## PROBLEM
Although the records contain pictures, repeat only the text of every line exactly.

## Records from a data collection

· · · · · · ·

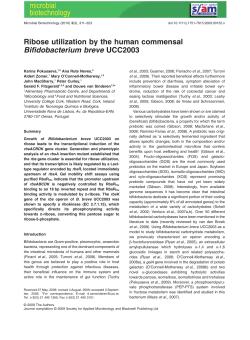 Ribose utilization by the human commensal Bifidobacterium breve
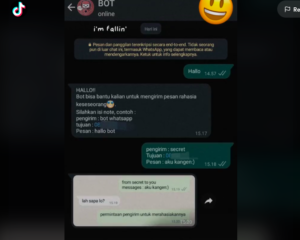 Link Bot Confess WA Asli Viral di TikTok, Berikut Cara Pakainya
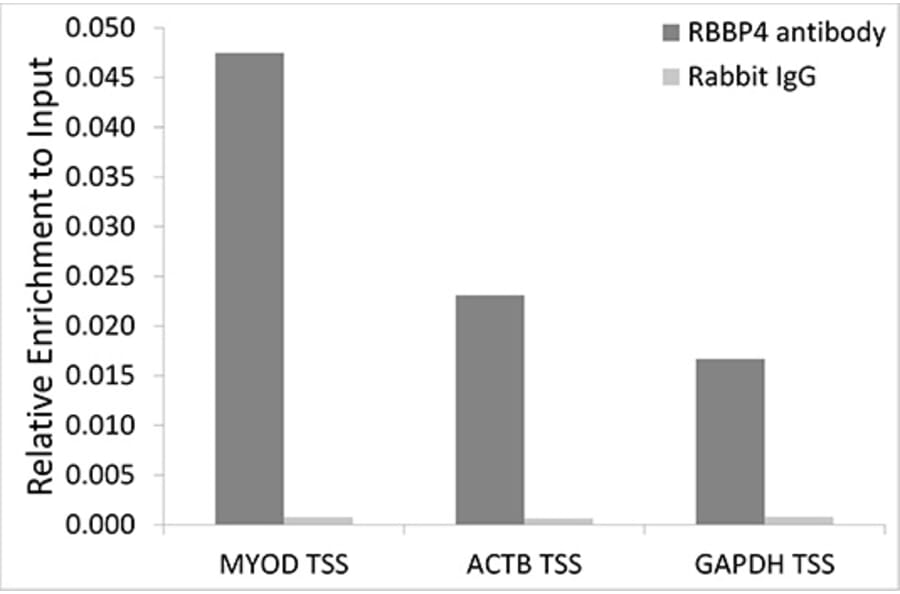 Chromatin Immunoprecipitation - Anti-RBBP4 Antibody (A90120) - Antibodies.com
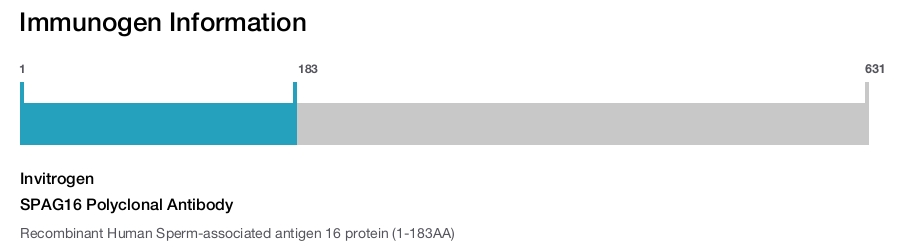 SPAG16 Polyclonal Antibody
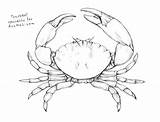 Crab Draw Step Sketch Drawing Claw Drawings Outline Sea Tattoo Dungeness Creature Crabs Sketches Creatures Painting Getdrawings Paintingvalley Techniques Craft sketch template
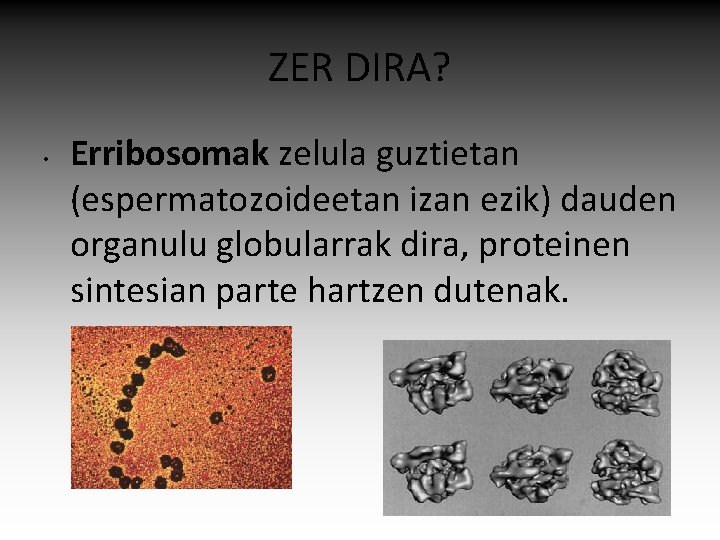 ZER DIRA? • Erribosomak zelula guztietan (espermatozoideetan izan ezik) dauden organulu globularrak dira, proteinen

· · · · · · ·

## TASK RESULT
 Ribose utilization by the human commensal Bifidobacterium breve
 Link Bot Confess WA Asli Viral di TikTok, Berikut Cara Pakainya
 Chromatin Immunoprecipitation - Anti-RBBP4 Antibody (A90120) - Antibodies.com
 SPAG16 Polyclonal Antibody
 Crab Draw Step Sketch Drawing Claw Drawings Outline Sea Tattoo Dungeness Creature Crabs Sketches Creatures Painting Getdrawings Paintingvalley Techniques Craft sketch template
 ZER DIRA? • Erribosomak zelula guztietan (espermatozoideetan izan ezik) dauden organulu globularrak dira, proteinen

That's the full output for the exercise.